Lecture Notes in Deep Learning: Recurrent Neural Networks – Part 4

Symbolic picture for the article. The link opens the image in a large view.

Gated Recurrent Units

These are the lecture notes for FAU’s YouTube Lecture “Deep Learning“. This is a full transcript of the lecture video & matching slides. We hope, you enjoy this as much as the videos. Of course, this transcript was created with deep learning techniques largely automatically and only minor manual modifications were performed. If you spot mistakes, please let us know!

Welcome back to deep learning! Today we want to talk a bit about gated recurrent units (GRUs), a simplification of the LSTM cell.

GRUs offer a simpler approach to long temporal contexts. Image source: imgflip.

So again a neural network: Gated recurrent units. So the idea here is that the LSTM is, of course, great, but it has a lot of parameters and it’s kind of difficult to train.

GRUs have comparable performance to LSTMs, but fewer parameters. Image under CC BY 4.0 from the Deep Learning Lecture.

So, Cho came up with the gated recurrent unit and it was introduced in 2014 for statistical machine translation. You could argue it’s a kind of LSTM, but it’s simpler and it has fewer parameters.

The structure of a GRU cell. Image under CC BY 4.0 from the Deep Learning Lecture.

So this is the general setup. You can see we don’t have two different memories like in the LSTM. We only have one hidden state. One similarity to the LSTM is the hidden state flows only along a linear process. So, you only see multiplications and additions here. Again, as in the LSTM, we produce from the hidden state the output.

The main steps in the GRU workflow. Image under CC BY 4.0 from the Deep Learning Lecture.

So let’s have a look into the ideas that Cho had in order to propose this cool cell. Well, it takes the concepts from the LSTM and it controls the memory by gates. The main difference is that there is no additional cell state. So, the memory only operates directly on the hidden state. The update of the state can be divided into four steps: There’s a reset gate that is controlling the influence of the previous hidden state. Then there is an update gate that introduces newly computed updates. So, the next step proposes an updated hidden state which is then used to update the hidden state.

The reset gate. Image under CC BY 4.0 from the Deep Learning Lecture.

So, how does this work? Well, first we determine the influence of the previous hidden state. This is done by a sigmoid activation function. We again have a matrix-type of update. We concatenate the input and the previous hidden state multiplied with a matrix and add some bias. Then, feed it to this sigmoid activation function which produces some reset value r subscript t.

The update gate first computes z subscript t. Image under CC BY 4.0 from the Deep Learning Lecture.

Next, we produce some z. This is essentially the update proposal on the new hidden state. So, this is again produced by a sigmoid function where we concatenate the last hidden state, and the input vector multiplied with a matrix W subscript z and add some bias.

Next, an update proposal is computed. Image under CC BY 4.0 from the Deep Learning Lecture.
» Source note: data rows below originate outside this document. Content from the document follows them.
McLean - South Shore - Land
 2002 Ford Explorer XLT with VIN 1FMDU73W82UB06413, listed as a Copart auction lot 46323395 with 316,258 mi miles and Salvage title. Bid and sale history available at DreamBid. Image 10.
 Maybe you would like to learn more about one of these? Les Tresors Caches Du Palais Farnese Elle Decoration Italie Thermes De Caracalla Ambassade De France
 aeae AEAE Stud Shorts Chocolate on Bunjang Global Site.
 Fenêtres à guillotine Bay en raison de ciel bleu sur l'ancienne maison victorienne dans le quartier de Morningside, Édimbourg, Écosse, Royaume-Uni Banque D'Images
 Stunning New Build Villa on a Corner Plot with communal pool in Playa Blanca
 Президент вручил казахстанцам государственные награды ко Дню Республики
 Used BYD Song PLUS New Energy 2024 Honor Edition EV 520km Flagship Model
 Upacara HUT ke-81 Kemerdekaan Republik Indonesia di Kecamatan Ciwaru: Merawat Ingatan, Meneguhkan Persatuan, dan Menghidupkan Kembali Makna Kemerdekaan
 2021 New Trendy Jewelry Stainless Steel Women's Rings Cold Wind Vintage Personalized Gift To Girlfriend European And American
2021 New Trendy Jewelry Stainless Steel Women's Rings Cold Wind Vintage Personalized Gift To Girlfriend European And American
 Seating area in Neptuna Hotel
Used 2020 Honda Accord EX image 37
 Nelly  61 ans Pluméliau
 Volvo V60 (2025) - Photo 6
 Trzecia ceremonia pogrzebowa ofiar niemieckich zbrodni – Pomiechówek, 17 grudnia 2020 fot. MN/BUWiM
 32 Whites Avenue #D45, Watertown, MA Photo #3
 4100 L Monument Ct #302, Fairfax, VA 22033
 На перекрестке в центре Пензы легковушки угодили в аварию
Next, we propose the update. So we combine the input and the reset state. This is done in the following manner: So, the update proposal h tilde is produced by a hyperbolic tangent where we take the reset gate times the last hidden state. So, we essentially remove entries that we don’t want to see from the last hidden state and concatenate x subscript t multiplied with some matrix W subscript h and add some bias b subscript h. This is then fed to a tanh to produce the update proposal.

Finally, the new state is computed as a mixture between the old state and the update proposal. Image under CC BY 4.0 from the Deep Learning Lecture.

Now, with the update proposal, we go to the update gate. The update gate controls the combination of the old state and the proposed state. So, we compute the new state by multiplying 1 – z subscript t. You remember this is the intermediate variable that we computed earlier with the old state. Further, we add z subscript t times h tilde. This is the proposed update. So, essentially the sigmoid function that produced a z subscript t is now used to select whether to keep the old information from the old state or to update it with information from the new state. This gives the new hidden state. With the new hidden state, we produce the new output and notice again that we are omitting the transformation matrices in this step. So, we write this as sigmoid of h subscript t, but there’s actually the transformation matrices and biases. Noth we are not noting down here. So, this thing gives the final output y hat subscript t.

Remarks concerning GRUs. Image under CC BY 4.0 from the Deep Learning Lecture.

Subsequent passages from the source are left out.